Moderated by Glen Dowell, Professor at Cornell University, the panel featured David Ferguson, Director of Global Development Commons at USAID, Grant Thomas, Vice President of Strategic Development at the Digital Opportunity Trust, and Molly Tschang, Managing Director of International Programs at Cisco. Together, the panel brought in a wide array of development voices from academia, government, non-profit and the private sectors.

How can ICT help emerging markets? In one example, Internet in the developing world has been found to double the stay of tourists, Ferguson pointed out. Lots of the developing world is a wonderful place to visit, but if you can’t see it online, you won’t go, so developing internet abilities will open it up to tourism and business.

International development as a field is incredibly wide, because each region is unique and contextual. An emerging market strategy that’s not country specific will fail, Tschang pointed out. In her work, she focuses on community driven work that has already proven scalable.

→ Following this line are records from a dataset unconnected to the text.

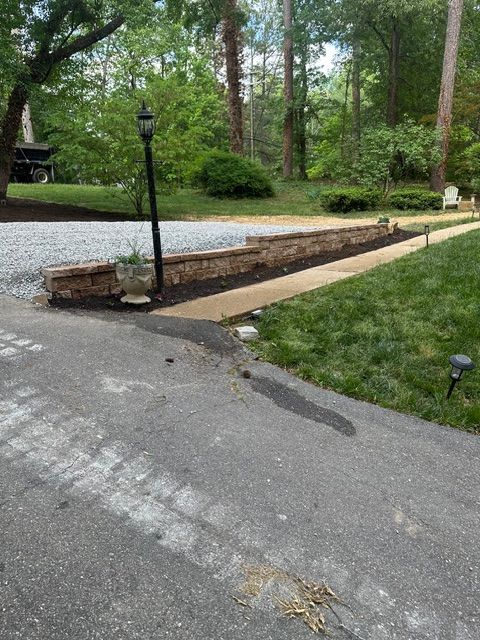Driveway beside a gravel path and low wooden border in a leafy backyard with lamp posts.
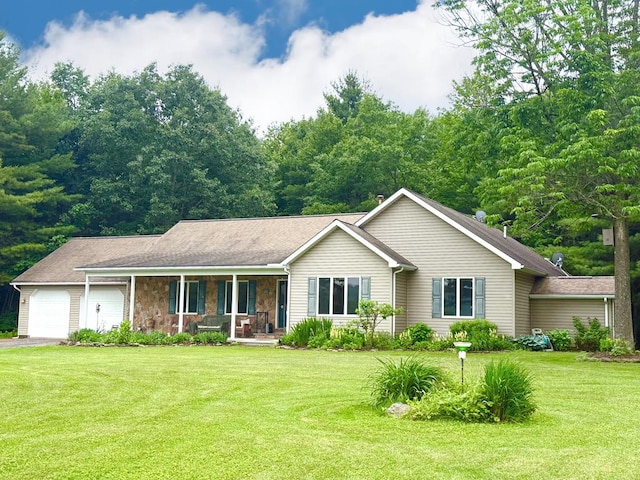 311 Jackson Rd, Wellsboro, PA 16901 - single story home with covered porch, a garage, a front lawn, and driveway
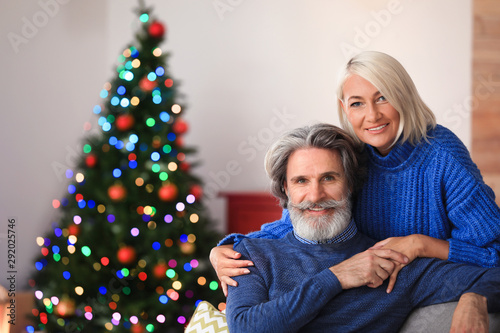 Happy mature couple celebrating Christmas at home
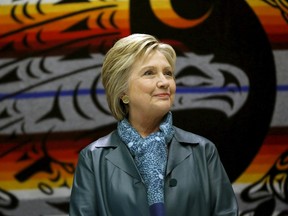 Democratic U.S. presidential candidate Hillary Clinton watches a performance during a roundtable discussion with Washington tribal leaders at Chief Leschi school in Puyallup, Washington March 22, 2016.  REUTERS/Mario Anzuoni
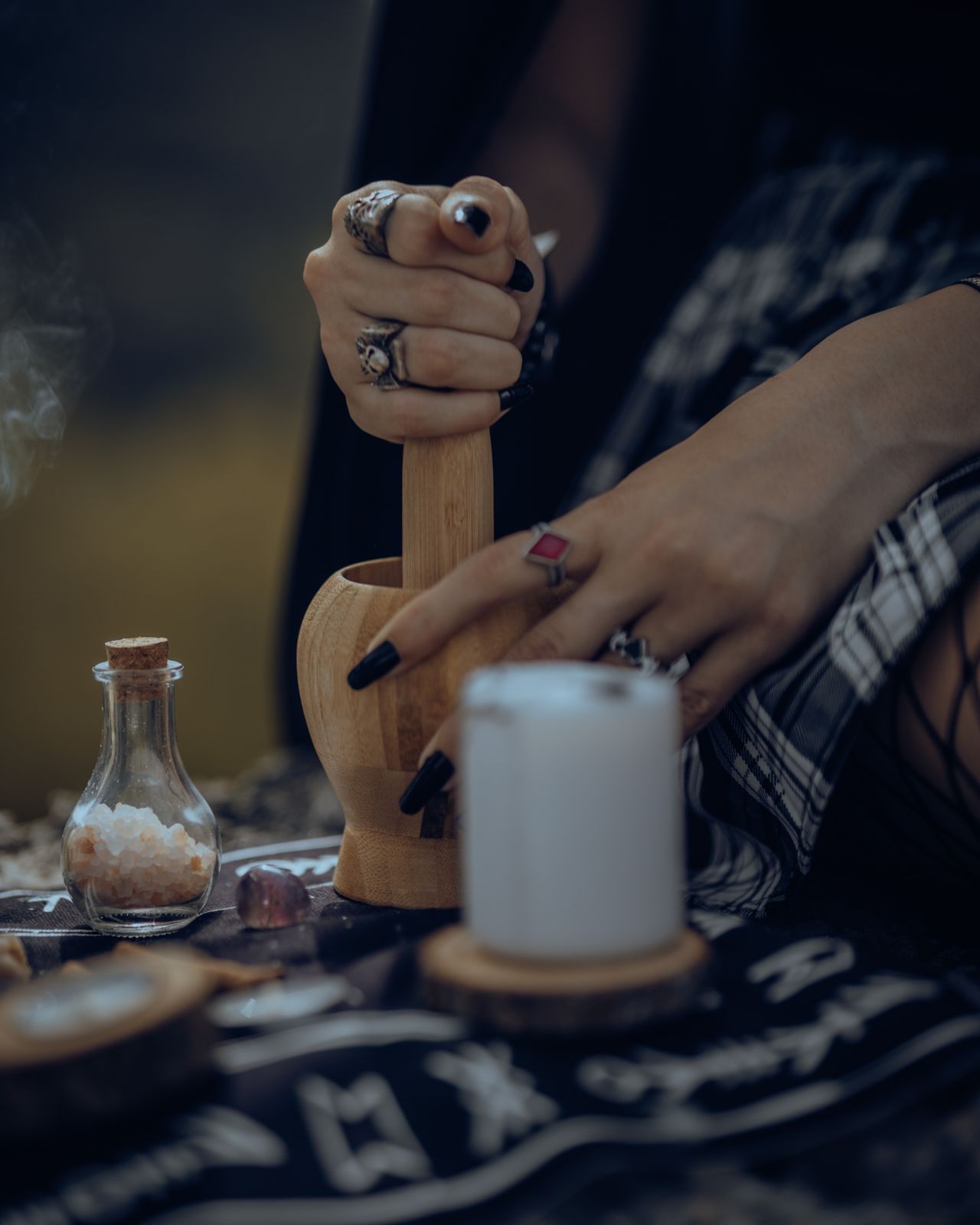 White candle and mortar for a protection spell Plentiful Earth | Global Spirituality Hands working a mortar and pestle beside a lit white candle on a dark altar cloth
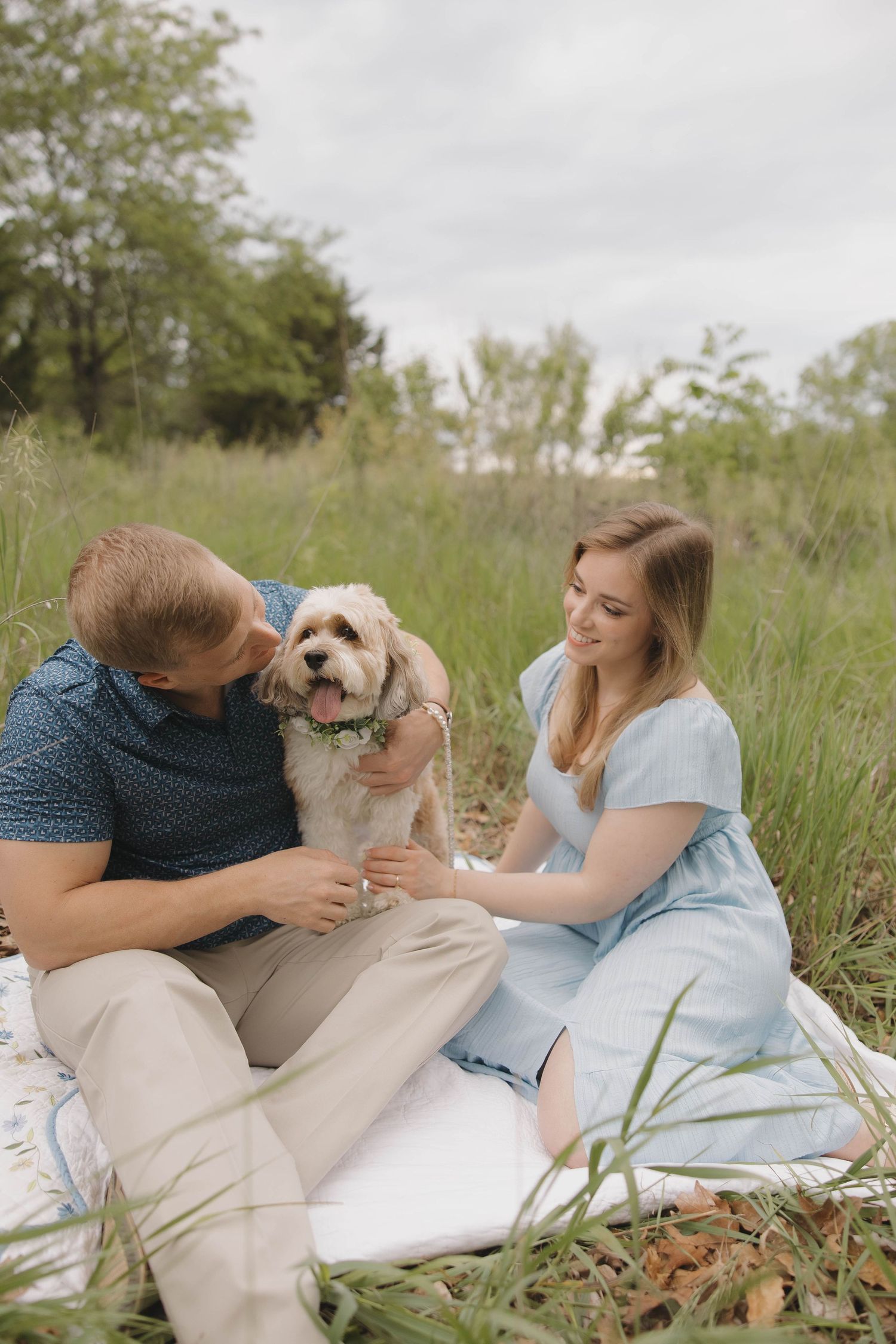 Couple relaxing on a white blanket in a grassy meadow with their small fluffy dog on a cloudy day.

The panelists agreed that ICT fails when it’s dropped in to emerging markets irreverently, without taking context into account. And short of the mobile phone, ICT hasn’t really taken off in the developing world, Tschang explained. Other technologies can be well intentioned, but unless they are delivered in a thoughtful and relevant manner, they won’t be utilized. Tschang described that they’ll find PCs used as doorsteps just years later. “We think they need what we have,” Tschang pointed out. We must engage people, bring them into the conversation, create an equal opportunity partnership, rather than a donor/ beneficiary relationship.”

It’s best to involve the people living with the problem when you go to solve that problem rather than shove a solution down their throats. Never set up something that cannot continue without you, Ferguson advised. He also stressed the need to involve government in change – “Government stays in the way of a lot of things.” And the status quo has gotten us where we are. Be sensitive to local government context.

Thomas told a compelling story of a telecenter built in South Africa that initially caused a divide between young and old. The elders thought they had nothing to do with the technology. But someone purchased a digital camera and took photos in the community, then brought people in to see their photos on a computer. People began to learn about the skills of those around them that they hadn’t known. With a thoughtful steward, the computer unified the community, rather than divided it.

When partnering in emerging markets, Thomas stressed that everyone has to put in to the partnership. If it’s free for one side, then it has no value to them and it won’t be utilized. Also, you need to understand the motivations of all partners – especially in the case of private sector involvement. Tschang noted that it’s a sign of respect to place a value on the services provided to developing world, and this shifts the aid dynamic in a positive way from one of handouts to willing partner.

ICT in emerging markets needs to be better understood – investing in ICT will not cause immediate economic growth. Rather, when shared thoughtfully, ICT is an excellent enabler across many areas of need, including education, health, and employment.

“The more we can get people connected [to ICT], the more they will figure out how to use it for their own good,” Ferguson noted.